Un liseron, madame, aimait une fauvette.
– Vous pardonnerez bien cette idée au poète
Qu’une plante puisse être éprise d’un oiseau. –
Un liseron des bois, éclos près d’un ruisseau,
Au fond du parc, au bout du vieux mur plein de brèches,
Et qui, triste, rampait parmi les feuilles sèches,
Écoutant cette voix d’oiseau dans un tilleul,
Était au désespoir de fleurir pour lui seul.
Il voulut essayer, s’il en avait la force,
D’enlacer ce grand arbre à la rugueuse écorce
Et de grimper là-haut, là-haut, près de ce nid.
Il croyait, l’innocent, que quelque chose unit
Ce qui pousse et fleurit à ce qui vole et chante.
– Moi, son ambition me semble assez touchante,
Madame. Vous savez que les amants sont fous
Et ce qu’ils tenteraient pour être auprès de vous. –
Comme le chasseur grec, pour surprendre Diane,
Suivait le son lointain du cor, l’humble liane,
De ses clochetons bleus semant le chapelet,
Monta donc vers l’oiseau que son chant décelait.
Atteindre la fauvette et la charmer, quel rêve !
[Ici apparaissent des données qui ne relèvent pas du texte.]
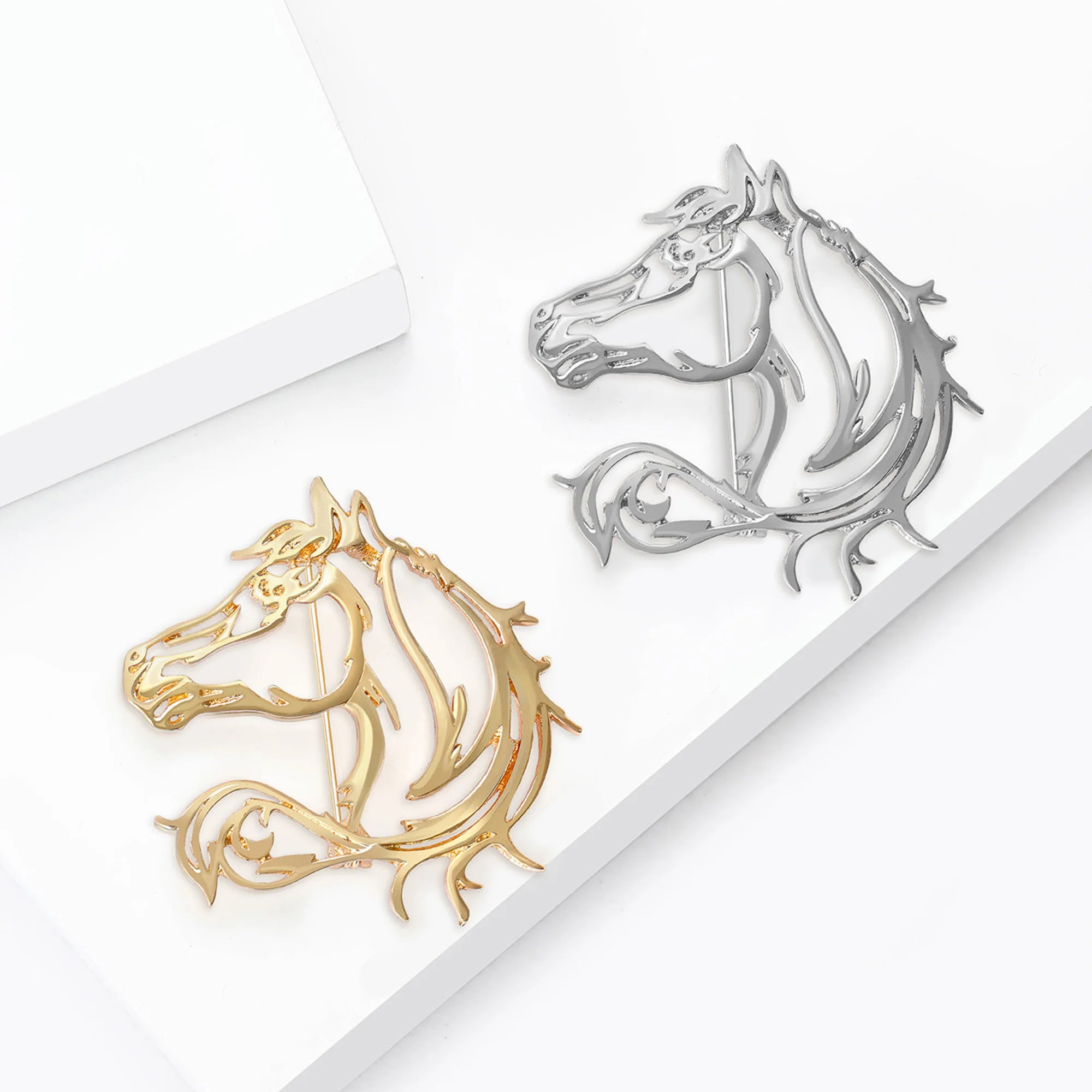 Beaut&Berry Classic Hollow Simple Horse Brooches for Women Zodiac Animal Pins New Year Gift Friends Party Jewellery - Madeinsea©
Hélas ! c’était trop beau ; car la goutte de sève
Que la terre donnait à ce frêle sarment
S’épuisait. Il montait, toujours plus lentement ;
Chaque matin sa fleur devenait plus débile ;
Puis, bien que liseron, il était malhabile,
Lui, né dans l’herbe courte où vivent les fourmis,
A gravir ces sommets aux écureuils permis.
Là, le vent est trop rude et l’ombre est trop épaisse.
– Mais tous les amoureux sont de la même espèce,
Madame ; – et vers le nid, d’où venait cette voix
Montait, montait toujours le liseron des bois.
Enfin, comme il touchait au but de son voyage,
Il ne put supporter la fraîcheur du feuillage
Et mourut, en donnant, le jour de son trépas,
Une dernière fleur que l’oiseau ne vit pas.
– Comment ? vous soupirez et vous baissez la tête,
Madame…
Un liseron adore une fauvette.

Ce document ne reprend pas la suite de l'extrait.